Design Process of the Dune Chess Set

As a designer, Rory Noble-Turner is interested in the tactile qualities that such a granular material can offer, and how this can subvert the traditional notion that luxury objects must generate appeal through pristine finishes and polished surfaces intended to be seen and not touched.

By using 3D sculpting tools typically reserved for the visual-effects industry, he was given an enormous degree of creative freedom and control when it came to crafting the final product. A major challenge was refining the digital scripts required to generate the rippled textures. What seemed like a relatively straight-forward exercise became increasingly complicated as he tried to fine-tune the degree of rippling randomness, its varying density and depth, and the gentle fall-off as it blended into a smooth surface. To create such a natural – or windswept – appearance required months of dedicated problem-solving and refinement with a couple solutions being discovered only after delving deep into the depths of visual scripting forums.
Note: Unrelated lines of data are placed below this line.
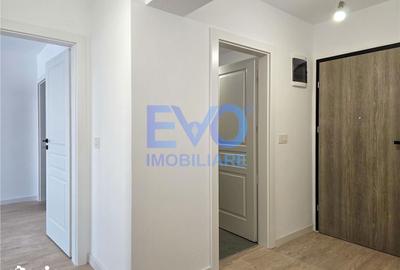 Apartament cu 3 camere semidecomandat în Nicolina - 10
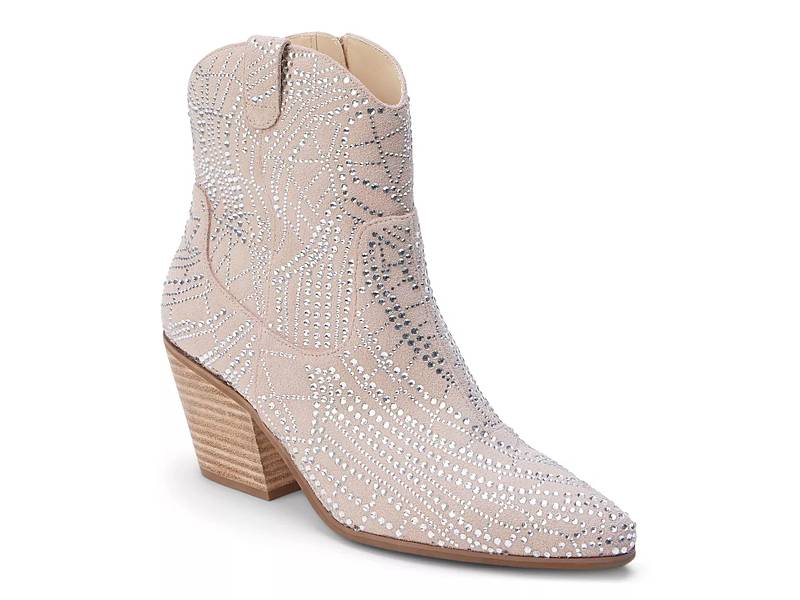 Matisse Claude Western Bootie - Free Shipping | DSW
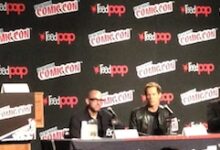 The Following Panel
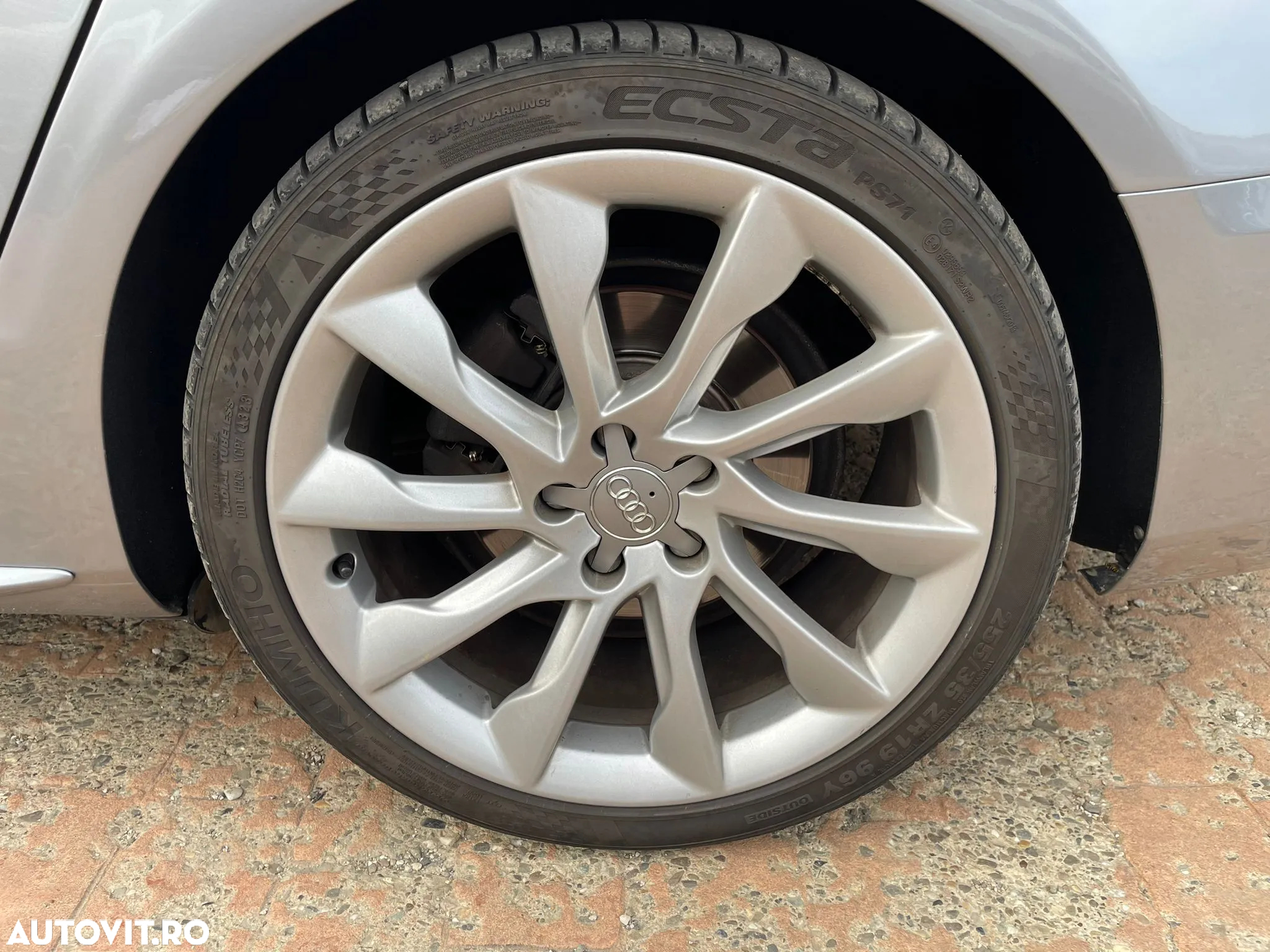Audi A5 Sportback 2.0 TDI quattro Stronic - 4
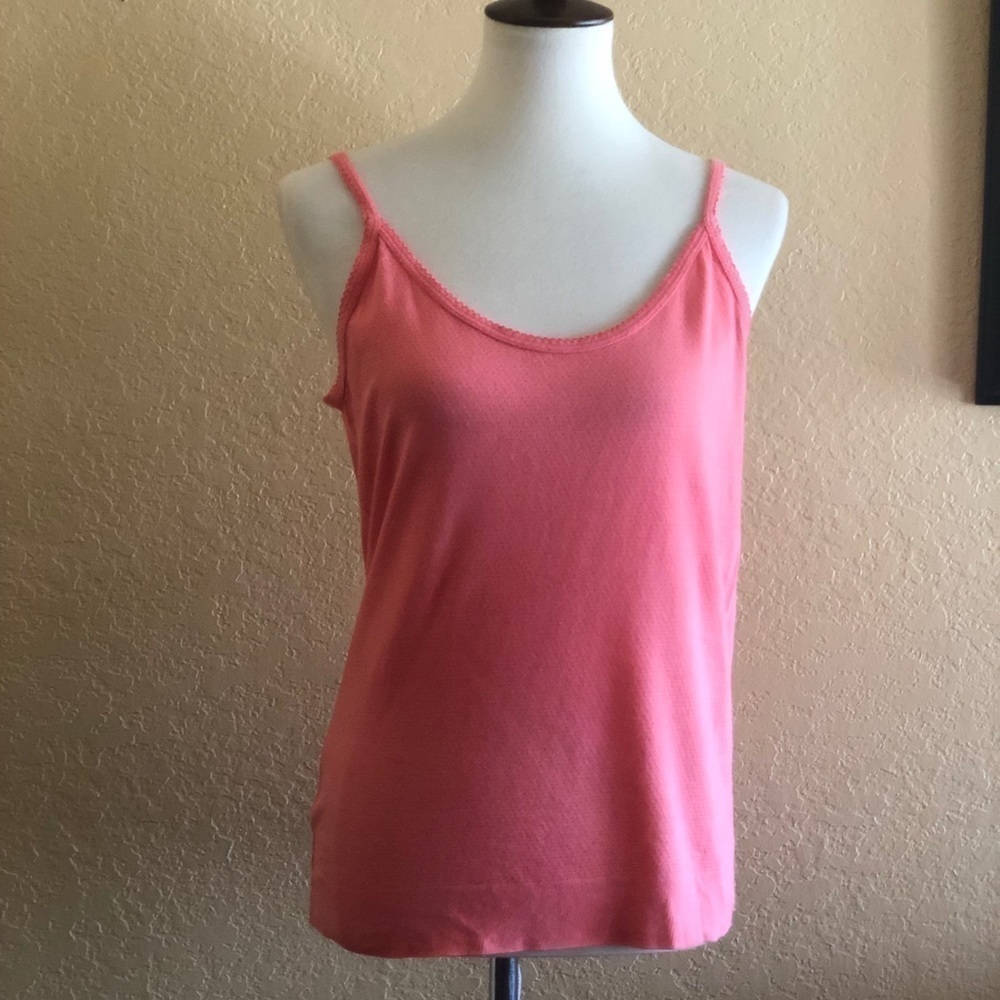 Zara Trafaluc Women’s Coral Tank Top size s m - Picture 4 of 6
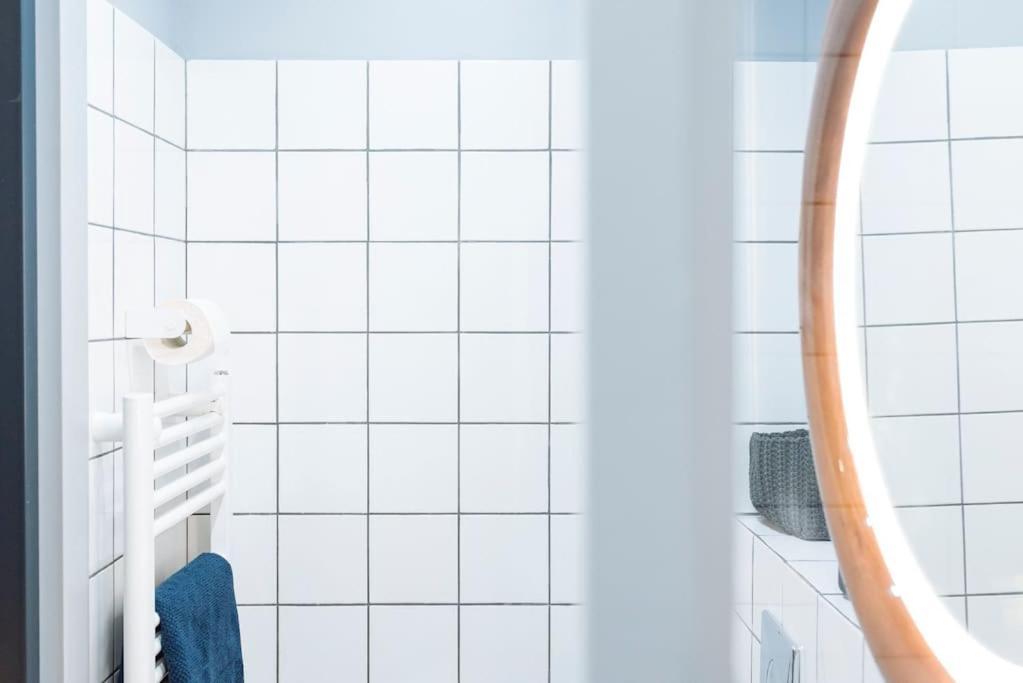 Apartmán Luxury Downtown Bukurešť Exteriér fotografie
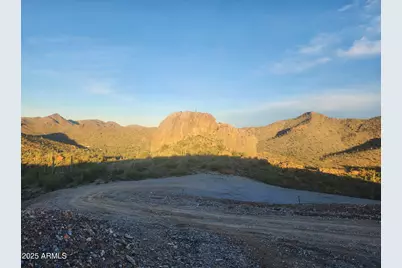 11Xx N Hardt Tank S Lot 2 Road #2, Queen Valley, AZ 85118 - Photo 10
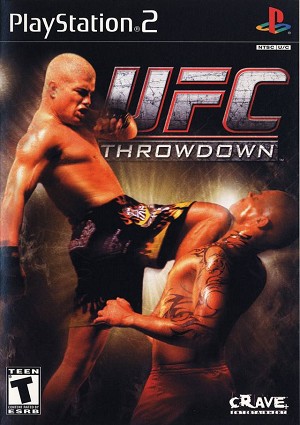 UFC Throwdown - Playstation 2
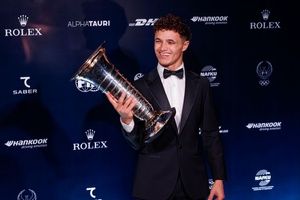 Norris publica v&iacute;deo emocionantes sobre t&iacute;tulo da F1 e envia mensagem aos f&atilde;s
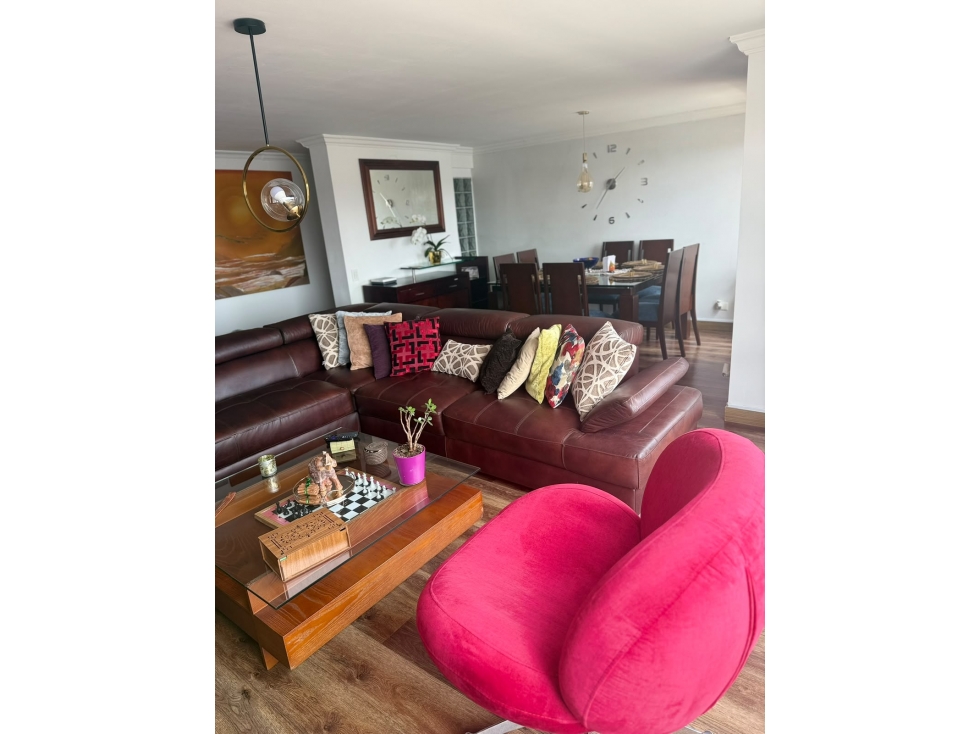 VENDO APARTAMENTO RECREO DE LOS FRAILES — foto 3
For a game of chess to function effectively it’s crucial you clearly differentiate between both opposition pieces, and, the alternate spaces on which those pieces play. In a mono-material set such as this, a binary contrast between rippled and smooth surfaces (reflective of the contrasting states of sand) become the primary signifier of this difference.

Broader Explorations Into Touch and Sensation

As we increasingly spend time jabbing at keyboards and swiping at screens, our sense of touch – and, for that matter, the sensory perception of our bodies – declines, replaced instead by a disembodied and primarily visual engagement with our devices.

Amidst this decline of everyday physical sensation; the Dune Chess Set represents an investigation into themes of tactility and intimacy in an attempt to catalyse connection between users, their bodies, and the world around them. Therefore, the perceived experience of touching my work – or at least the triggering of a desire to touch – becomes a crucial factor in the design’s success, as well as its visual appeal.